Because commits record **root hashes**, not diffs, the version DAG is effectively a sequence of snapshots. The prolly tree keeps snapshots cheap to store — shared nodes are shared by hash in the `NodeStorage`.

## Three-way merge, key-value style

A classical text merge looks at two files line by line against a common base and tries to splice them. That falls apart on structured data because the "lines" aren't meaningful units.

ProllyTree merges at the **key-value level**:

1. Find the **base commit** — the lowest common ancestor of the two branches.
2. Compute `diff(base, source)` — the set of keys changed on the incoming branch.
3. Compute `diff(base, dest)` — the set of keys changed on the current branch.
4. **Partition** the changes into three buckets:
   - Keys changed only on `source` → apply directly.
   - Keys changed only on `dest` → already present.
   - Keys changed on **both** → potential conflicts; go to step 5.
5. For each conflict, delegate to a **ConflictResolver**. The resolver looks at `base`, `source`, and `dest` values and decides what wins.
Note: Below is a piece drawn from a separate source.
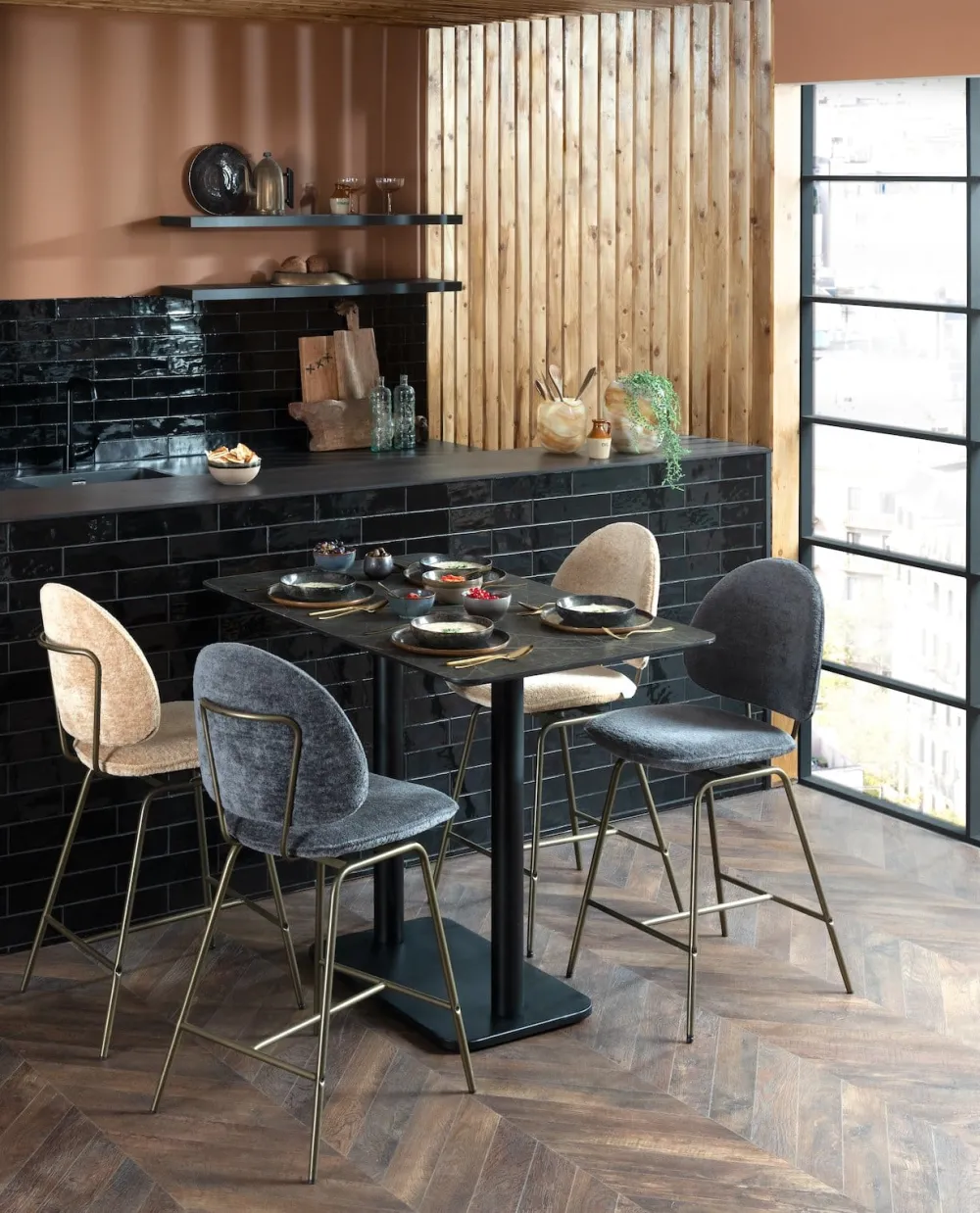 COCOmaison Kjel chaise de bar - champagne - Anthracite Clearance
Because tree diffs are cheap — remember, equal subtree hashes mean equal content, so you prune the walk aggressively — the whole merge is proportional to the size of the change, not the size of the stores.

### Why this is robust

- **No spurious conflicts** from reordered inserts: the tree shape is history-independent, so a leaf that received `{a=1, b=2}` in one order looks identical to one that received them in the other order.
- **No false positives** from serialisation drift: the comparison is on logical KV pairs, not on bytes.
- **Deterministic outcome** given a resolver: a resolver is a pure function of `(base, source, dest)`, so two merges with the same inputs produce the same output.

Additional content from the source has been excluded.